I'm an academic rather than a programmer, and I have many years' experience writing Python programs for my own use, to support my research. My latest project is likely to be useful to many others as well as me, and I'm thinking of releasing it as an open-source Python library.
However, there seem to be quite some hurdles to cross in going from a functioning personal project to a library that can be installed and used painlessly by others. This question is about the first steps I should take in order to start working toward a public release.
Currently, I have a single git repository that contains my code that uses the library as well as the library itself, and I use git as an emergency undo button in case anything breaks. All of this works fine for a single user but is obviously not appropriate if I want to release it. Where I want to end up is that my library is in a separate repository and can be installed by others using pip
, and has a stable API.
Learning to use setuptools etc. is probably not so hard once I'm at the point of wanting to publish it - my problem is in knowing how I should be working in order to get to that point.
So my question is, what are the first steps one should take in order to start preparing a Python library project for public consumption? How should I reorganise my directory structure, git repository etc. in order to start working towards public a release of the library?
More generally, it would be very helpful if there are resources that are known to be helpful when attempting this for the first time. Pointers toward best practices and mistakes to avoid, etc., would also be very helpful.
Some clarification: the current answers are addressing a question along the lines of "how can I make my Python library a good one for others to use?" This is useful, but it's different from the question I intended to ask.
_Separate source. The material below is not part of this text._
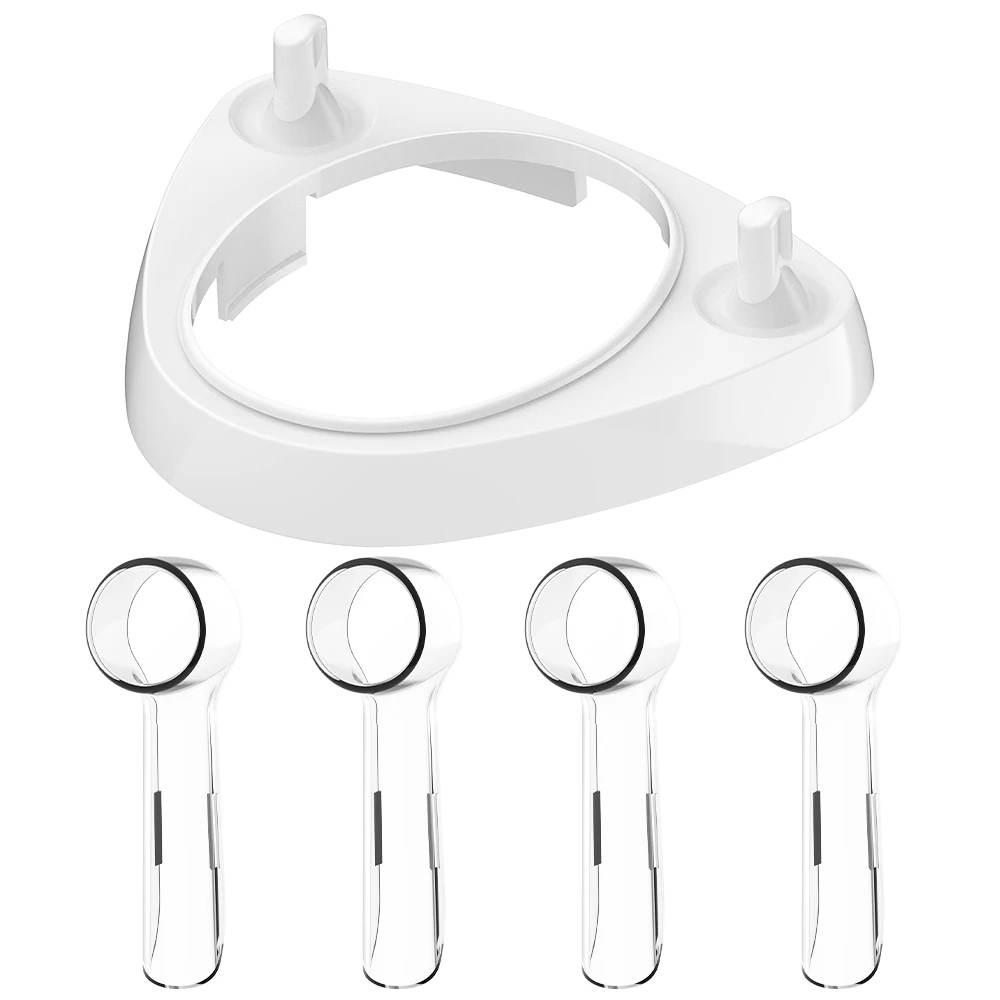 

4 шт. многоразовые пылезащитные чехлы насадки для зубных щеток и держатель насадок для электрических зубных щеток, совместимые с насадкой для щетки серии Oral B PRO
I'm currently at the start of a long journey towards releasing my project. The core of my implementation works (and works really well), but I'm feeling overwhelmed by the amount of work ahead of me, and I'm looking for guidance on how to navigate the process. For example:
My library code is currently coupled to my own domain-specific code that uses it. It lives in a subfolder and shares the same git repository. Eventually, it will need to be made into a stand-alone library and put into its own repository, but I keep procrastinating this because I don't know how to do it. (Neither how to install a library in 'development mode' so that I can still edit it, nor how to keep the two git repos in sync.)
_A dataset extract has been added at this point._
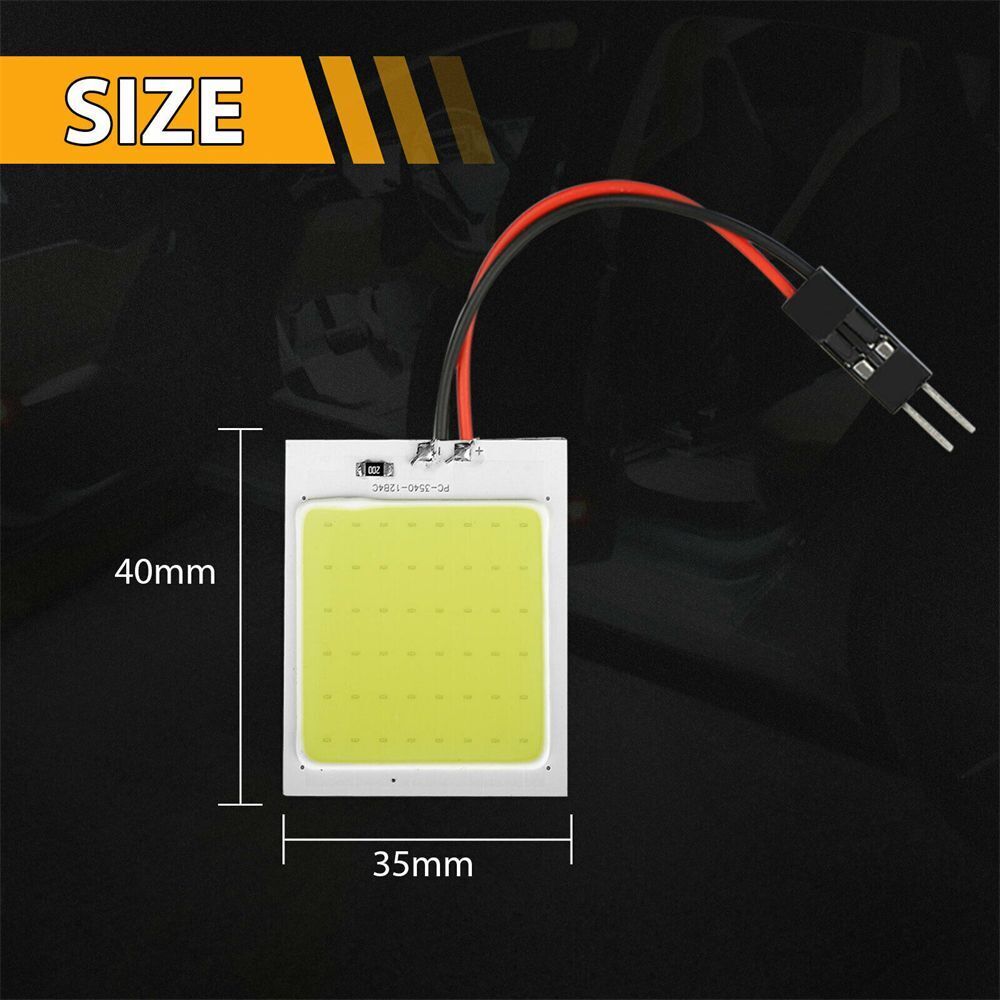 White Interior LED Bulb Proof Chip Reading Car Panel Light Dome Lamp Bulb Kit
My docstrings are terse, because I know that eventually I will have to use Sphinx or some other tool. But these tools seem not to be simple to learn, so this becomes a major sub-project and I keep putting it off.
At some point I need to learn to use setuptools or some other tool to package it and track the dependencies, which are quite complex. I'm not sure whether I need to do this now or not, and the documentation is an absolute maze for a new user, so I keep deciding to do it later.
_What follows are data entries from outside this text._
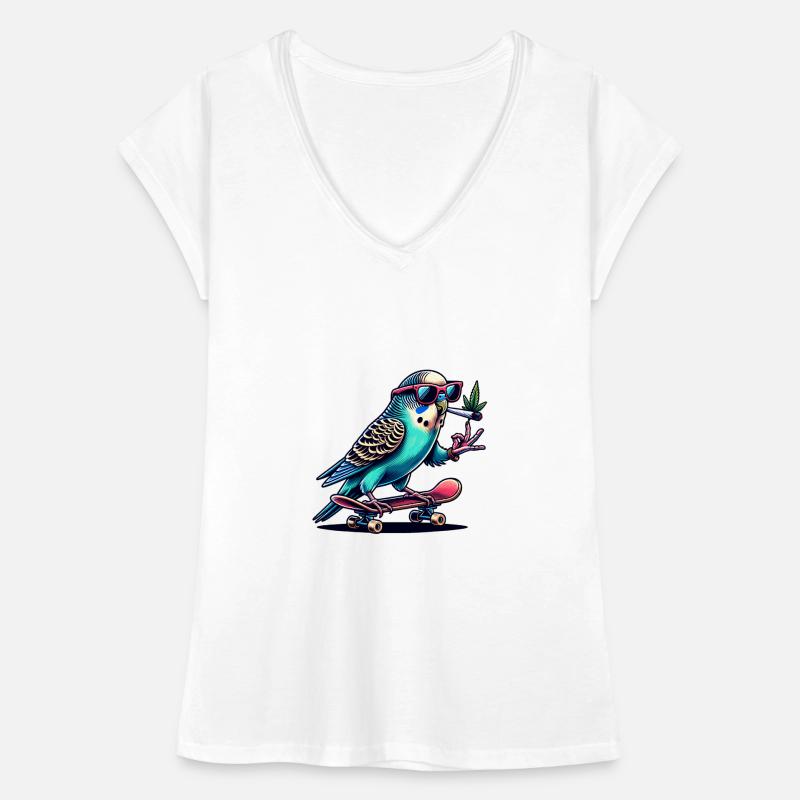 Perruche flagrante T-shirt vintage Femme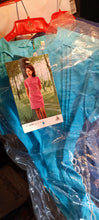 Carica l&#39;immagine nel visualizzatore di Gallery, Due abiti vintage per ragazza, taglia 85 e 95.celeste e blu. 500g.
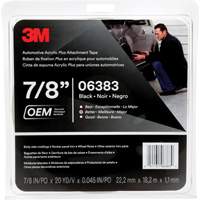 Ruban en acrylique de 3M pour l'automobile, 18 m (60') lo x 22 mm (7/8") la, 45 mils, Acrylique TGS INDUSTRIEL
I've never had to do systematic testing, but I definitely will for this project, so I have to (i) learn enough about testing to know which methodology is right for my project; (ii) learn what tools are available for my chosen methodology; (iii) learn to use my chosen tool; (iv) implement test suites etc. for my project. This is a project in itself.
There may well be other things I have to do as well. For example, jonrsharpe posted a helpful link that mentions git-flow, tox, TravisCI, virtualenv and CookieCutter, none of which I'd heard of before. (The post is from 2013, so I also have to do some work to find out how much is still current.)
When you put this all together it's a huge amount of work, but I'm sure I can get it all done if I keep plugging away at it, and I'm not in a hurry. My problem is knowing how to break it down into manageable steps that can be done one at a time.
In other words, I'm asking which are the most important concrete steps I can take now, in order to reach a releasable product eventually. If I have a free weekend, which of these things should I focus on? Which (if any) can be done in isolation from the others, so that I can at least get one step done without needing to do the whole thing? What's the most efficient way to learn these things so that I will still have time to focus on the project itself? (Bearing in mind that all of this is essentially a hobby project, not my job.) Is there any of it that I don't actually need to do, thus saving myself a huge amount of time and effort?
All answers are greatly appreciated, but I would especially welcome answers that focus on these project management aspects, with specific reference to modern Python development.